● Try it
On how many lines of the records below does the string "High" appear? Reply with only the number.

*** Exercise data Section Begins ***

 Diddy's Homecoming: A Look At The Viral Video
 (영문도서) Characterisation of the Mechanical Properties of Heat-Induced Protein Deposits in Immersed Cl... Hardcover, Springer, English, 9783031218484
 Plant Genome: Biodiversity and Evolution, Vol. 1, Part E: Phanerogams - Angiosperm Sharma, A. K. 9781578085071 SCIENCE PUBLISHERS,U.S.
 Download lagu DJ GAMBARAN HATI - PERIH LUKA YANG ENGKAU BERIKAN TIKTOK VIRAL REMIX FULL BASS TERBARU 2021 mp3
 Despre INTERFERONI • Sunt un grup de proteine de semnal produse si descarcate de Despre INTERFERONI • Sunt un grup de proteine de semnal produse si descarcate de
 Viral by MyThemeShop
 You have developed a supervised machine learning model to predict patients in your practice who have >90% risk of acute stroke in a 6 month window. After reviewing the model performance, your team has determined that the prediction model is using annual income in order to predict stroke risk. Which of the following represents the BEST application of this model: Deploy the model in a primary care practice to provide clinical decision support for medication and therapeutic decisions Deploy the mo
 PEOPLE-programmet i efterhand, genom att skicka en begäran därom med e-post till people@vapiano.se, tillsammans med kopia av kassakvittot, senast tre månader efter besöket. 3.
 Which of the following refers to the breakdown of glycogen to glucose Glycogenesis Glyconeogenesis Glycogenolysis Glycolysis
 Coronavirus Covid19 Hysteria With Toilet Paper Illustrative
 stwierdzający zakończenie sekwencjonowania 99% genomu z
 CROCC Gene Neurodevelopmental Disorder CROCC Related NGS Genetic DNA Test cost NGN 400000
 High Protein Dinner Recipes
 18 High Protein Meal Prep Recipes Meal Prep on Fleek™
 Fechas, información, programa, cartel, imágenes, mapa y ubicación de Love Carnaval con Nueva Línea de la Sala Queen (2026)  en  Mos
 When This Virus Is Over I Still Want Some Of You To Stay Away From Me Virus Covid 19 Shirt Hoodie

*** Exercise data Section Ends ***

● Exercise result
2